Any matrix M multiplied against or by the identity matrix I returns M.

\[ \begin{bmatrix} 1 & 0 & \cdots & 0 \\ 0 & 1 & \cdots & 0 \\ \vdots & \vdots & \ddots & \vdots \\ 0 & 0 & \cdots & 1 \end{bmatrix} \]

Symmetric Matrix

Any matrix with entries that are symmetrical about the main diagonal.

\[ \begin{bmatrix} x & a & \cdots & b \\ a & y & \cdots & c \\ \vdots & \vdots & \ddots & \vdots \\ b & c & \cdots & z \end{bmatrix}, \\ \text{where }x, y, \text{ and } z \text{ are arbitrary values.} \]

Diagonal Matrix

Any matrix with its nonzero values only along the main diagonal.

\[ \begin{bmatrix} \lambda_1 & 0 & \cdots & 0 \\ 0 & \lambda_2 & \cdots & 0 \\ \vdots & \vdots & \ddots & \vdots \\ 0 & 0 & \cdots & \lambda_n \end{bmatrix} \]

Orthogonal Matrix

Any matrix whose inverse is equal to its transpose.
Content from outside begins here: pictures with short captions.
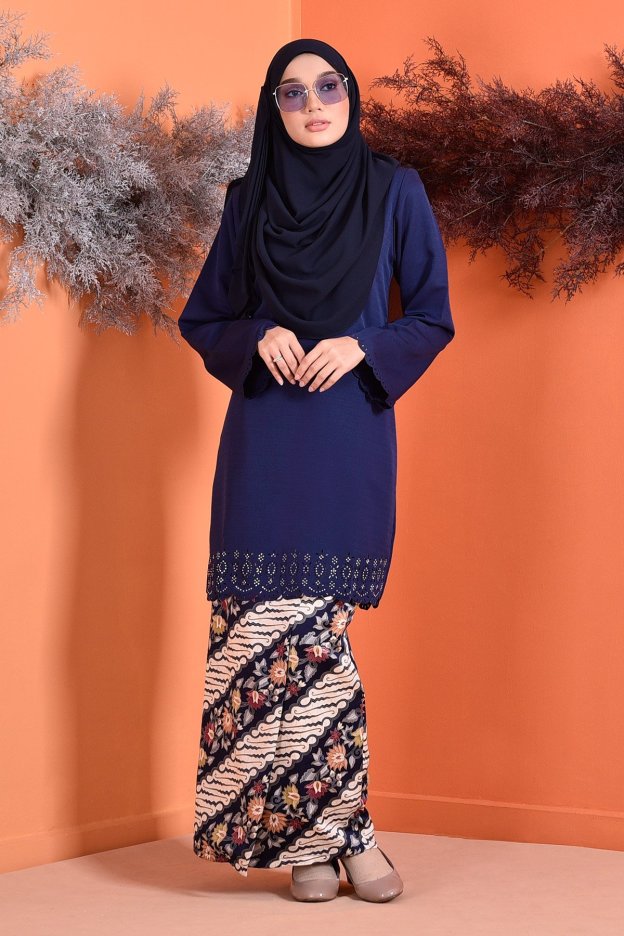 Baju Kurung Batik Nadelle - Blue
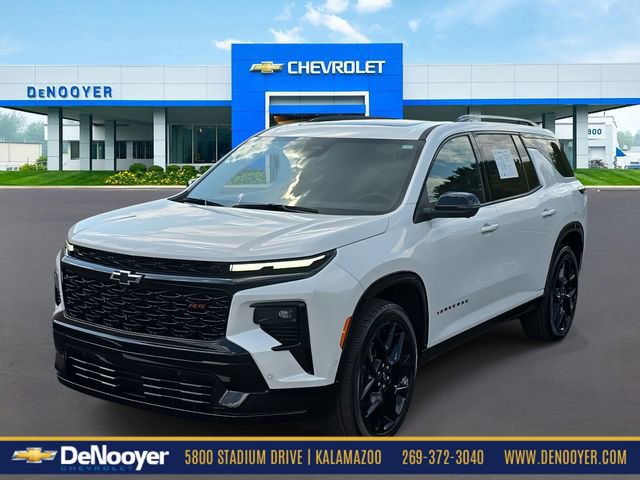 Used 2024 Chevrolet Traverse RS image 1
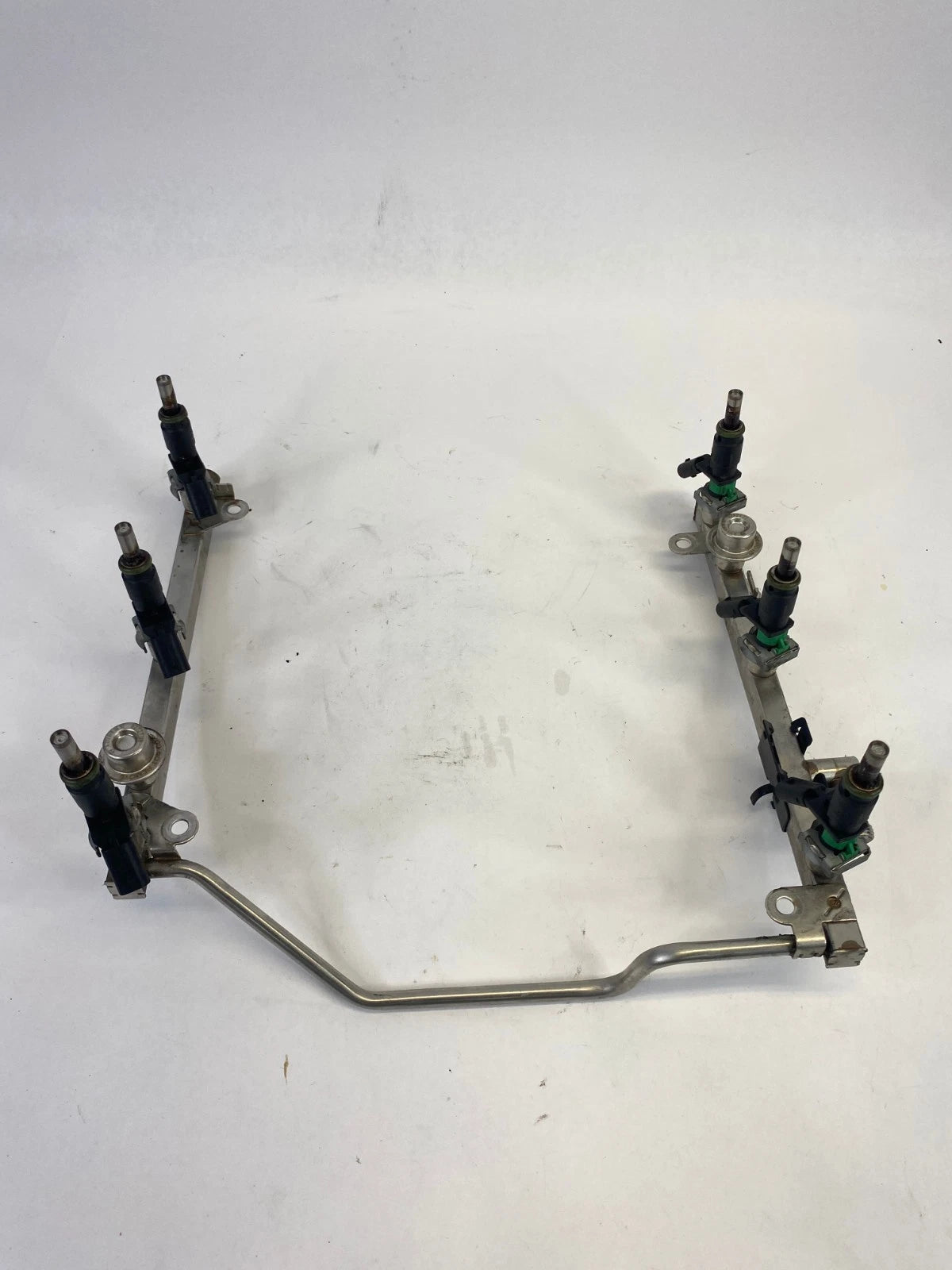 2010-2012 MERCEDES-BENZ GLK-350 FRONT ENGINE FUEL INJECTORS RAIL OEM A2720701395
Most 3x3 matrices in 3D graphics are orthogonal.

Might be obvious, but an orthogonal matrix must be invertible.

\[ M^{-1} = M^T \]

Furthermore: if the vectors \( V_1, V_2, \ldots, V_n \) form an orthonormal set, then the n x n matrix \( M = [V_1, V_2, \ldots, V_n] \), where each vector is a column, is orthogonal.